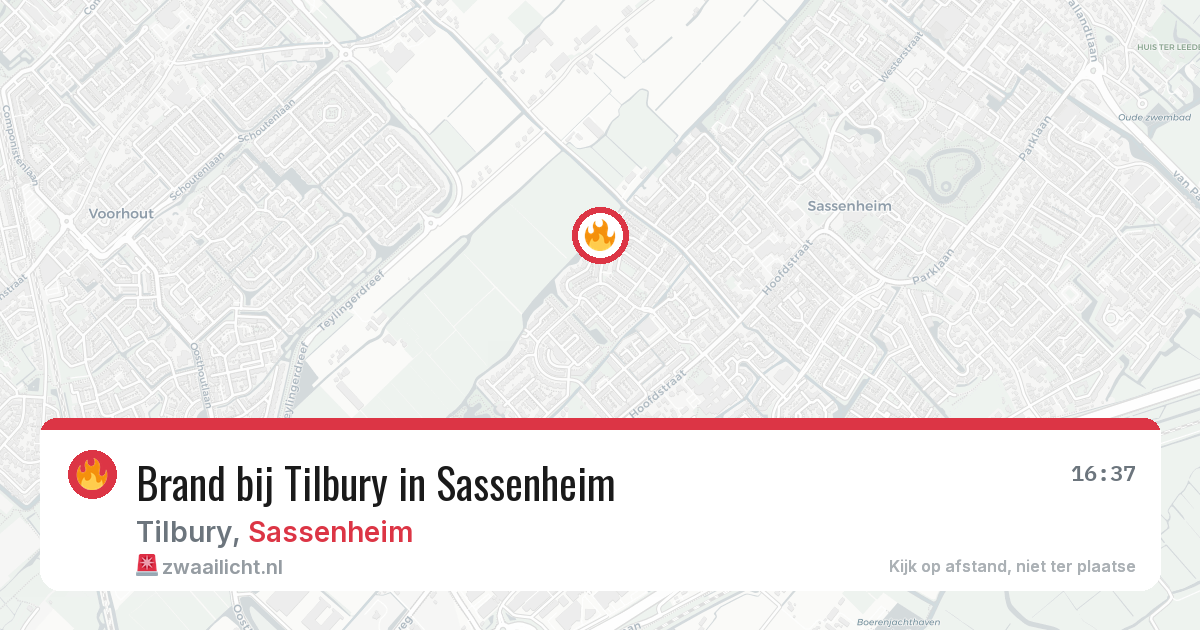 Brand bij Tilbury in Sassenheim — 19 jun 2026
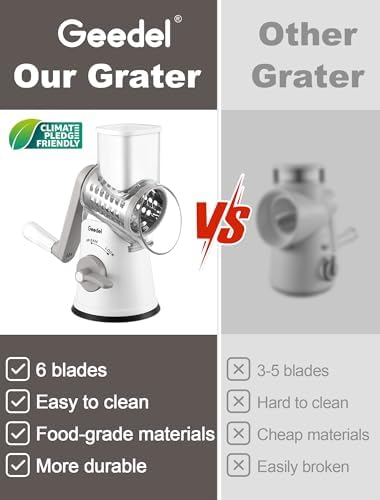 Geedel Rotary Cheese Grater Vegetable Shredder With 6 Interchangeable Blades No Slip Suction Base, Mandoline Slicer & Food Chopper for Cheese, Ice, Nuts, Vegetables, Veggie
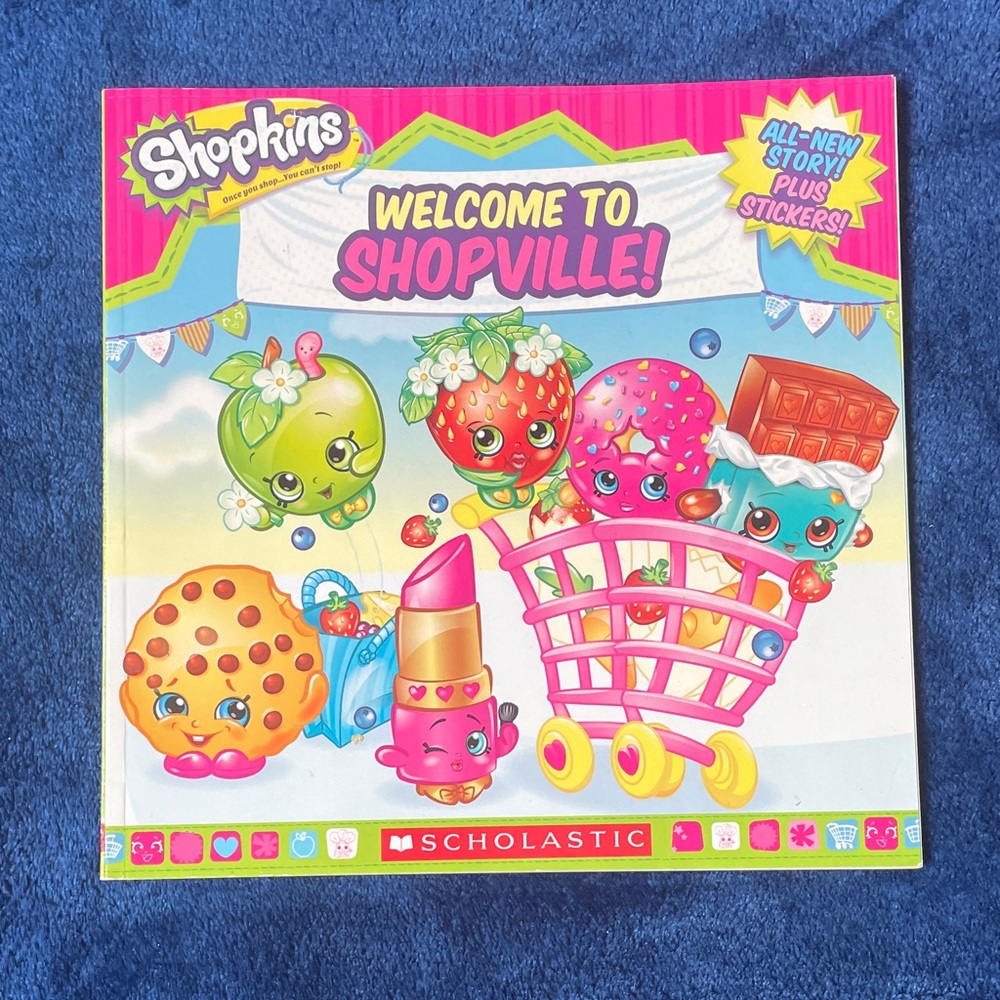 Scholastic Shopkins Welcome to Shopville Book with Stickers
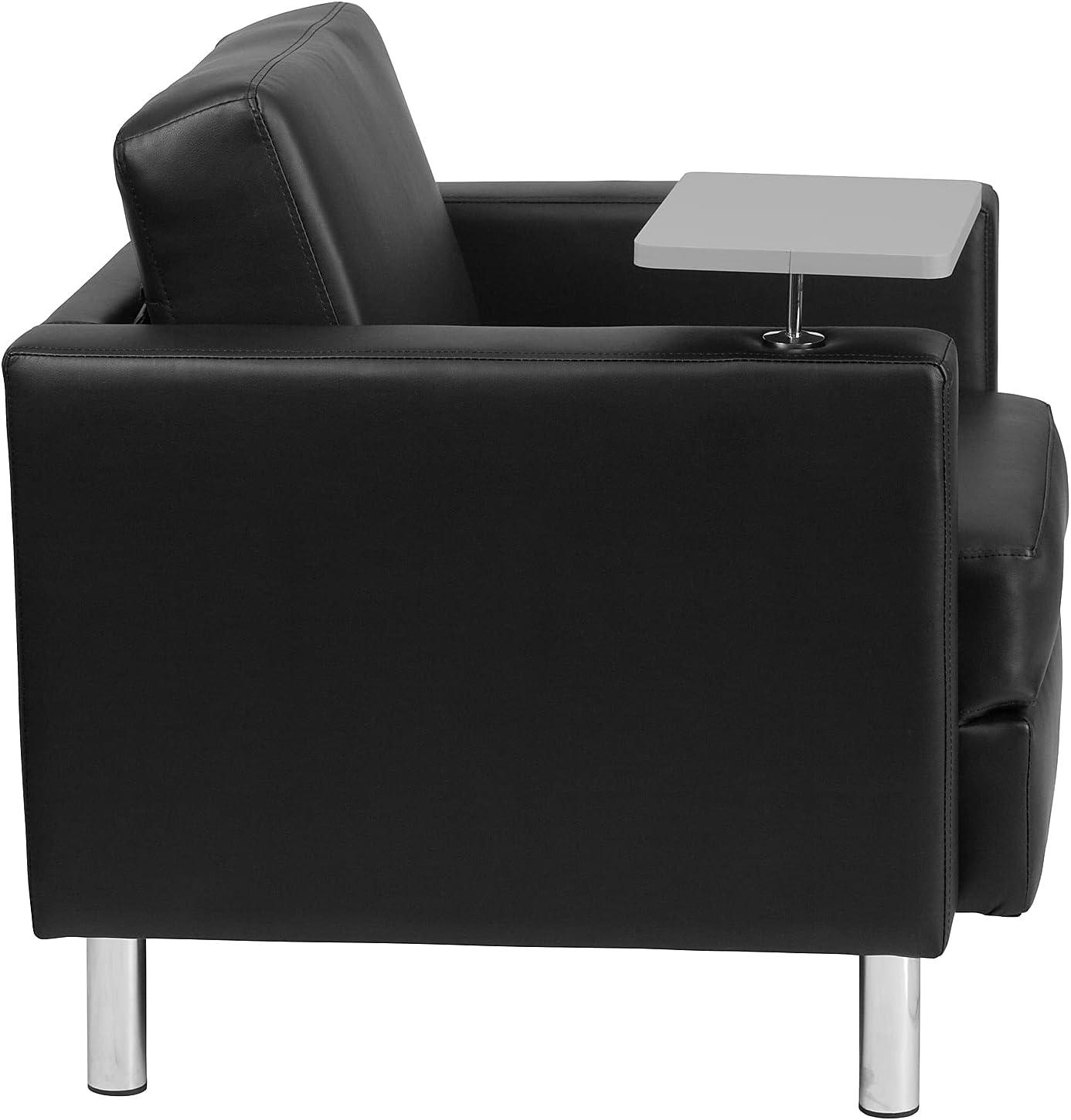 Flash Furniture George Black LeatherSoft Guest Chair with Tablet Arm, Tall Chrome Legs and Cup Holder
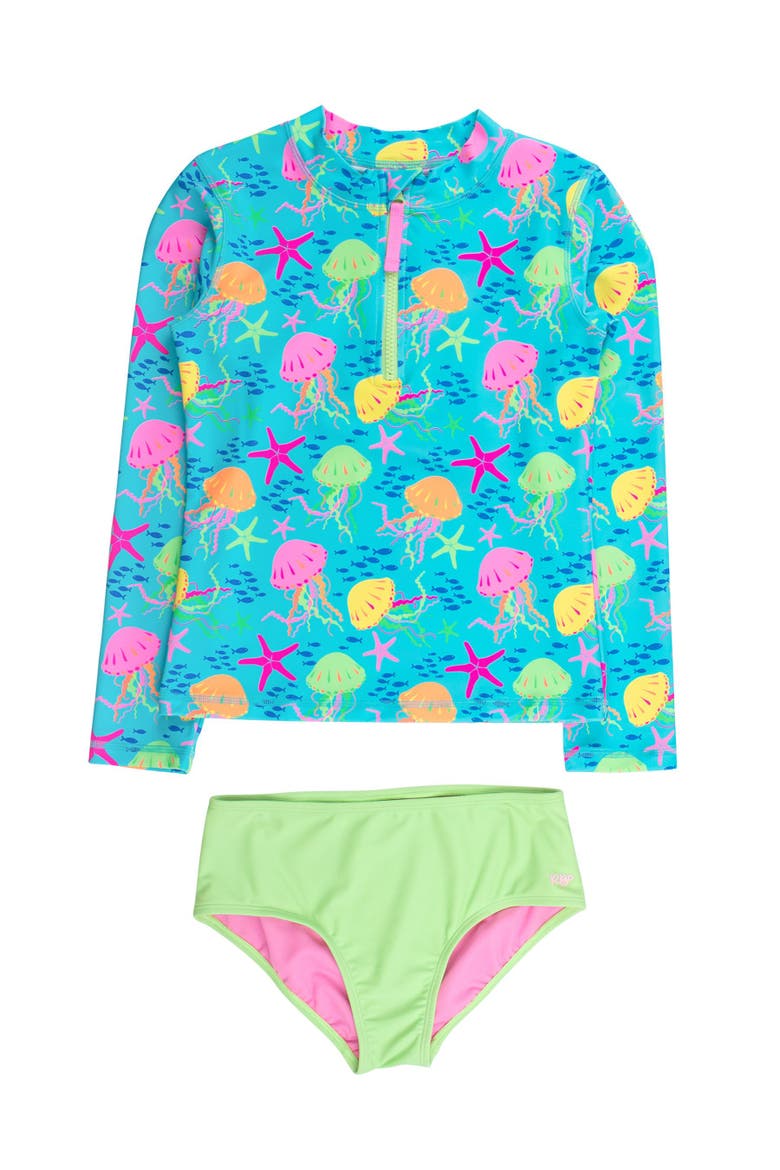 Long Sleeve Zipper Rash Guard 2-Piece Bikini Swimsuit, Main, color, Neon Jelly Time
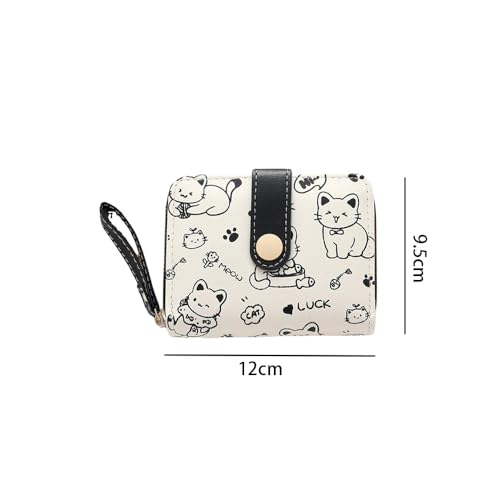 Stylish White PU Leather Wallet with Cat Design - Clip Closure, Handheld, Polyester Lining for Enhanced Durability2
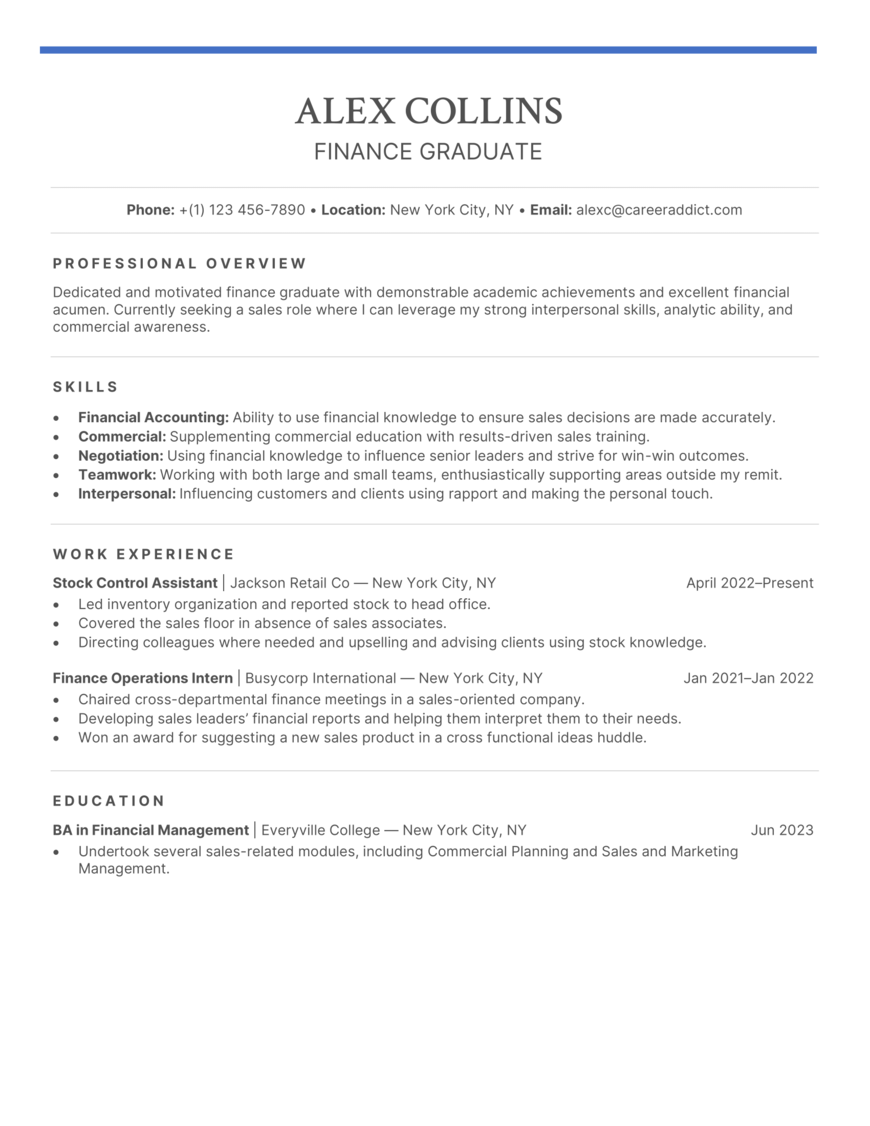 Finance Graduate Resume Example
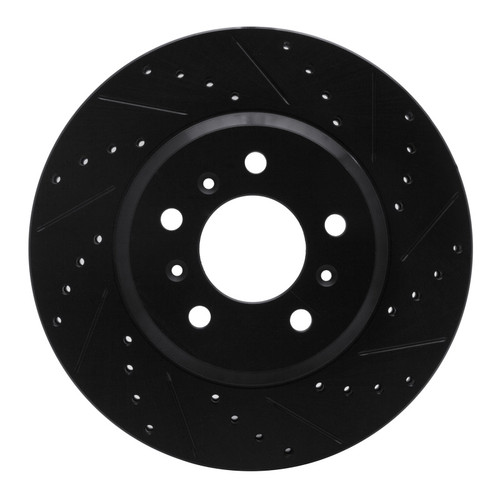 R1 06-16 Buick Lucerne Front Right Drilled & Slotted Black Brake Rotor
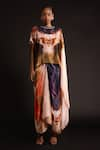 Buy_AMKA_Peach Natural Silk Round Teak Abstract Pattern Cape Top And Skirt Set _Online_at_Aza_Fashions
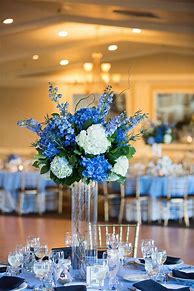 Image result for Blue Flower Table Arrangements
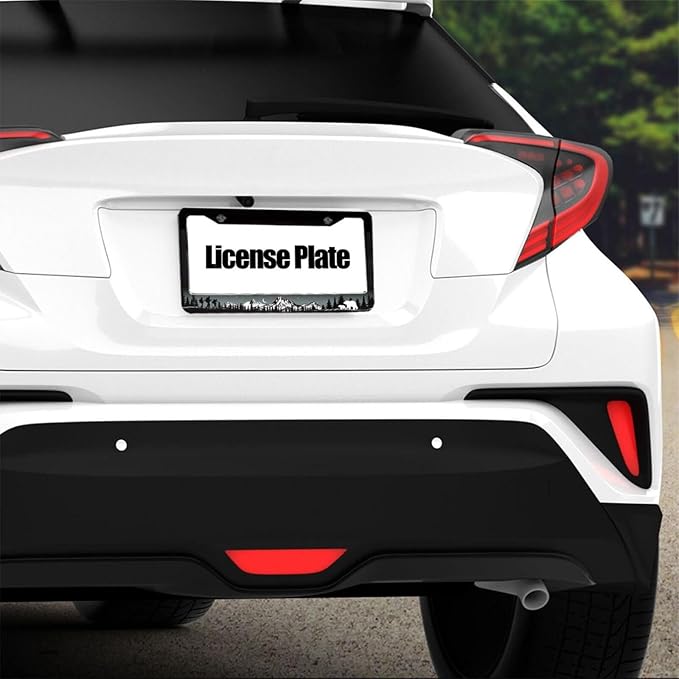 Mountains License Plate Frames 2 Pack - Adventure Awaits License Plate Frames Camping Animal Bear Car Tag Frames Auto Wildlife Plates Tags for Women Men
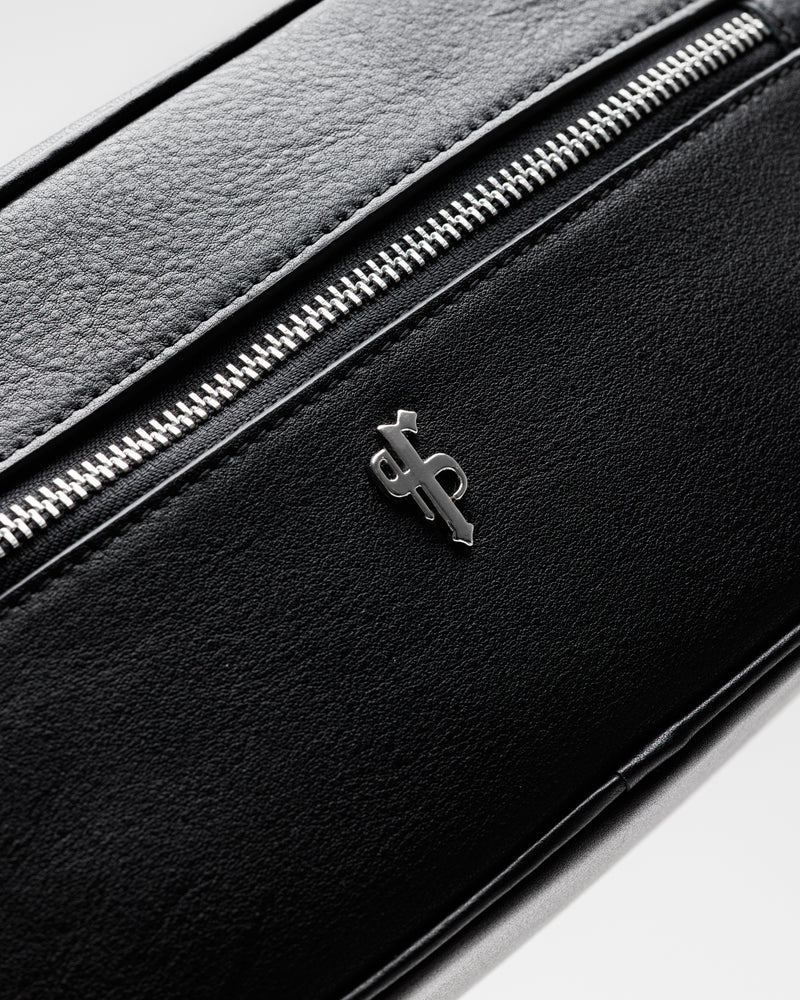 Father Sons Black Leather Wash Bag - FSH1392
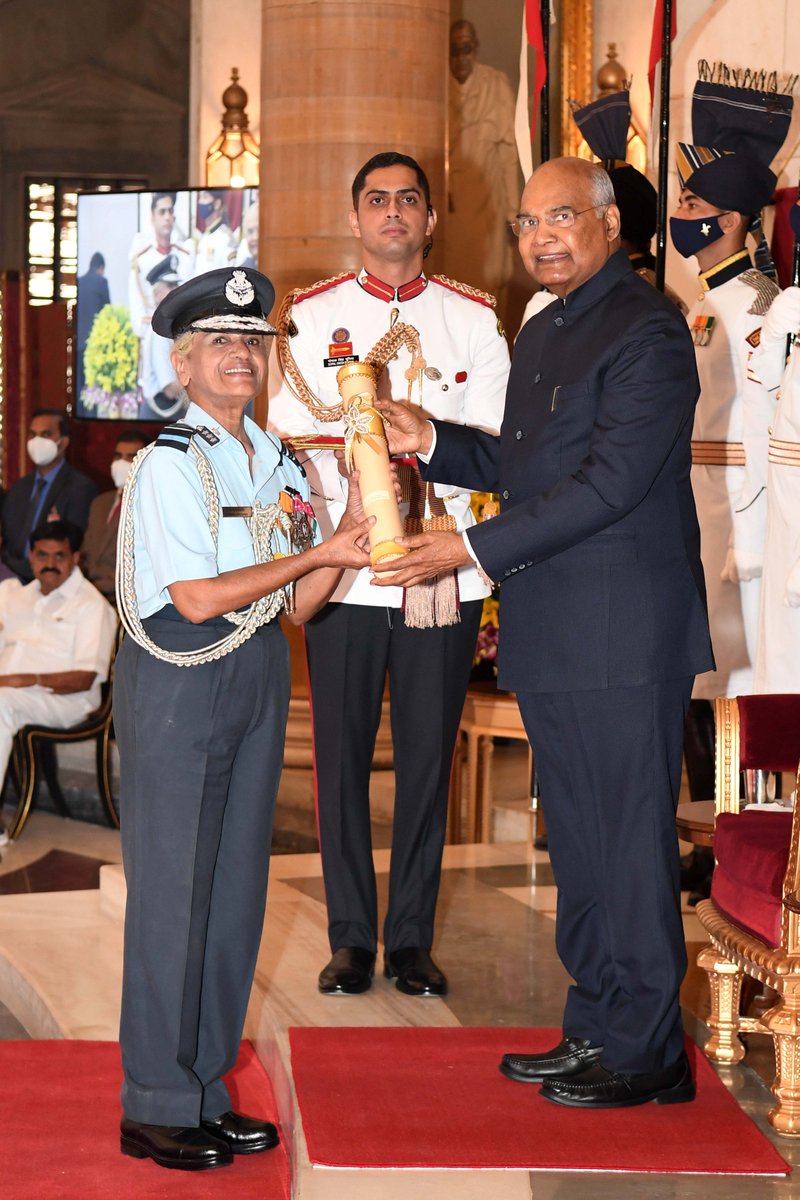 rashtrapatibhvn's tweet photo. President Kovind Padma Shri to Air Marshal Dr Padma Bandopadhyay. She is the retired Director General Medical Services (Air Force) and has served the Indian Air Force for nearly four decades. https://t.co/B5xlCya33P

----

Task prompt:
The pictures should be dropped, and every line above should be set down again exactly.

Answer section:
 Brand bij Tilbury in Sassenheim — 19 jun 2026
 Geedel Rotary Cheese Grater Vegetable Shredder With 6 Interchangeable Blades No Slip Suction Base, Mandoline Slicer & Food Chopper for Cheese, Ice, Nuts, Vegetables, Veggie
 Scholastic Shopkins Welcome to Shopville Book with Stickers
 Flash Furniture George Black LeatherSoft Guest Chair with Tablet Arm, Tall Chrome Legs and Cup Holder
 Long Sleeve Zipper Rash Guard 2-Piece Bikini Swimsuit, Main, color, Neon Jelly Time
 Stylish White PU Leather Wallet with Cat Design - Clip Closure, Handheld, Polyester Lining for Enhanced Durability2
 Finance Graduate Resume Example
 R1 06-16 Buick Lucerne Front Right Drilled & Slotted Black Brake Rotor
 Buy_AMKA_Peach Natural Silk Round Teak Abstract Pattern Cape Top And Skirt Set _Online_at_Aza_Fashions
 Image result for Blue Flower Table Arrangements
 Mountains License Plate Frames 2 Pack - Adventure Awaits License Plate Frames Camping Animal Bear Car Tag Frames Auto Wildlife Plates Tags for Women Men
 Father Sons Black Leather Wash Bag - FSH1392
 rashtrapatibhvn's tweet photo. President Kovind Padma Shri to Air Marshal Dr Padma Bandopadhyay. She is the retired Director General Medical Services (Air Force) and has served the Indian Air Force for nearly four decades. https://t.co/B5xlCya33P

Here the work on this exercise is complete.